Most co-ops have a volunteer co-op board of directors that is elected by the existing shareholders. The board is responsible for creating and enforcing the rules and regulation for the building and its units. These bylaws can dictate anything from the type of renovation projects that can be conducted inside the units, to whether pets are allowed on the premises. Co-op boards are extremely powerful and can even opt to evict a shareholder and force them to sell their unit, if they are not in compliance with the rules of the premises.

 

Things to Consider When Purchasing a Co-op

 

While co-ops can pose great investment opportunities for foreign investors, as they are typically 10% – 20% cheaper than traditional condominiums, they are not without fault. The co-op board members must approve all buyers, including foreign investors, in order to purchase a unit in the building. This approval process can take months and co-ops are not required to give an explicit explanation as to why a potential buyer was rejected. Co-ops also feature a variety of other restrictions, such as how you renovate your property as well as your right to lease or sublet your unit, which can make it difficult to generate passive income from your investment. In the event that you choose to sell your co-op unit, the prospective buyer must also be approved by the co-op board, which could have an adverse effect on your financial returns. This is in addition to any additional taxes and fees that might be levied by the co-op board for the resale of your unit.

The Process of Purchasing a Co-op

 

The process for purchasing a co-op in NYC can vary depending on the transaction, but generally that process is as follows:

 

Identify Property – It should go without saying that the first step in the process is viewing and selecting a co-op that fits your needs in regards to location, size and amenities.

 

Obtain Proof of Funds – Many foreign investors will choose to pay cash for a NYC co-op, however, you will need to show proof that you have the funds to acquire the property.
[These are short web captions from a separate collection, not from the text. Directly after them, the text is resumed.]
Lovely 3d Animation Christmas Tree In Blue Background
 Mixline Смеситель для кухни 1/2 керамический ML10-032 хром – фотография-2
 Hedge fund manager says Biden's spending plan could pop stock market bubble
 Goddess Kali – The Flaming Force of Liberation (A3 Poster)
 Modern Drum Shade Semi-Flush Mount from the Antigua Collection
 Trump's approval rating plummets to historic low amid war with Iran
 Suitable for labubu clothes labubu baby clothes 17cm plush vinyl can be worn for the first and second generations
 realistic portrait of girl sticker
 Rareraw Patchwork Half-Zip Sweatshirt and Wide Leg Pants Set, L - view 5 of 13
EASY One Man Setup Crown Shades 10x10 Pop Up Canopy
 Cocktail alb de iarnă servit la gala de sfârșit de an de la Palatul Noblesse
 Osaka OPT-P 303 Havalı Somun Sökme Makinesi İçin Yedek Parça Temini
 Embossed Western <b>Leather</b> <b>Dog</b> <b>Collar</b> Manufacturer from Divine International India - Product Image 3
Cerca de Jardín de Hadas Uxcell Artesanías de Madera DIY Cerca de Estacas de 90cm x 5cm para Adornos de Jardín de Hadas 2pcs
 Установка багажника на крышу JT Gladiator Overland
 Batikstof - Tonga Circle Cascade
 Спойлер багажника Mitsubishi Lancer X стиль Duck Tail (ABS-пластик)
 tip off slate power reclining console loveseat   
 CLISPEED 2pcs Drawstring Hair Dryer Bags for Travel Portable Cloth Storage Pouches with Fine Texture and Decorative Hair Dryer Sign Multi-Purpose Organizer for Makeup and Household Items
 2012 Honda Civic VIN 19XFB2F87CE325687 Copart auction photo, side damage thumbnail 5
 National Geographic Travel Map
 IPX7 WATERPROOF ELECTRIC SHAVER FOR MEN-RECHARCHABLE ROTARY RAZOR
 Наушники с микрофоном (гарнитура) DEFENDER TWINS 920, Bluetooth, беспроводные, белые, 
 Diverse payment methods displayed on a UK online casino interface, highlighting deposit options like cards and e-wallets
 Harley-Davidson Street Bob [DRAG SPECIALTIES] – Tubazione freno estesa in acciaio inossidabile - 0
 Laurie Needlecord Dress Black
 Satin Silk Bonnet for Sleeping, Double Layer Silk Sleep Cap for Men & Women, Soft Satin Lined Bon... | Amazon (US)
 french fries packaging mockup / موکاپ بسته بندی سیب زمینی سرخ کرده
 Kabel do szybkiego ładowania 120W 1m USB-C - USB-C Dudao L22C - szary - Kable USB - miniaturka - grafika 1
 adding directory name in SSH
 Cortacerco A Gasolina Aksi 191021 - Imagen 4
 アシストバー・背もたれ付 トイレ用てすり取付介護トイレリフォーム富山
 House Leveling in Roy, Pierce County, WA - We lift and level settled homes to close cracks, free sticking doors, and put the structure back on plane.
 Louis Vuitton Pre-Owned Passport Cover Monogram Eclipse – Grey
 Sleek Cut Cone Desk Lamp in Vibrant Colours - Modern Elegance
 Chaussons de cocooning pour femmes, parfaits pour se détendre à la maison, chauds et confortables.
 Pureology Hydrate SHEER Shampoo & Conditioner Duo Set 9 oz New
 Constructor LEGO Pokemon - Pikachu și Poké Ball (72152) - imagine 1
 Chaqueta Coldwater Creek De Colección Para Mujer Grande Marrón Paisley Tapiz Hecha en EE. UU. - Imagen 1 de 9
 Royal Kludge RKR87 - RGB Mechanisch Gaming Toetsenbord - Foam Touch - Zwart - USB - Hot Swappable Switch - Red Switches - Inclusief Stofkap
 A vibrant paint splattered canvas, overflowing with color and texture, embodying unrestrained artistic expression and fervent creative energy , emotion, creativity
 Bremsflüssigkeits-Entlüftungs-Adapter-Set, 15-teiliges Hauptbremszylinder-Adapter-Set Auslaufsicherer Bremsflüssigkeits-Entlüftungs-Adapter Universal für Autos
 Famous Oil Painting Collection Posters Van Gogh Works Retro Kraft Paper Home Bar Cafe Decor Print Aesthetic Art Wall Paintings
This can often be in the form of a financial statement or another form of correspondence from your bank. In the event that you are financing the property, you will need a letter from your bank stating that you are pre-approved for a specific mortgage amount.

Submit Co-op Board Application – This is the process of submitting your offer and personal financial information to the co-op board of directors for review. This is a critical step in the process, as a mistake at this point in the process could result in your application being rejected, in addition to your chances of purchasing the co-op unit.

 

Conducting a Co-op Board Interview – Assuming that your submitted financials looked credible and that you have the financial means to purchase the co-op unit, you will often be required to interview with the co-op board. This interview gives the co-op board an opportunity to meet you and ask any lingering questions regarding your financial history and background.

Schedule Closing – Upon receiving the approval of the co-op board, you will need to go through the process of closing the transaction, including completing all due diligence and securing legal rights to the property.

Although purchasing a co-op in NYC as a foreign investor is not a simple process, it can be very advantageous to your financial portfolio, if carefully planned. As with any financial decision, you should seek the counsel of a real estate professional that is well-versed in the world of NYC co-ops and have experience working with foreign investors. Having access to knowledgeable advisors will enable you to avoid the critical mistakes, which may be detrimental to the acquisition of your co-op in NYC as a foreign investor.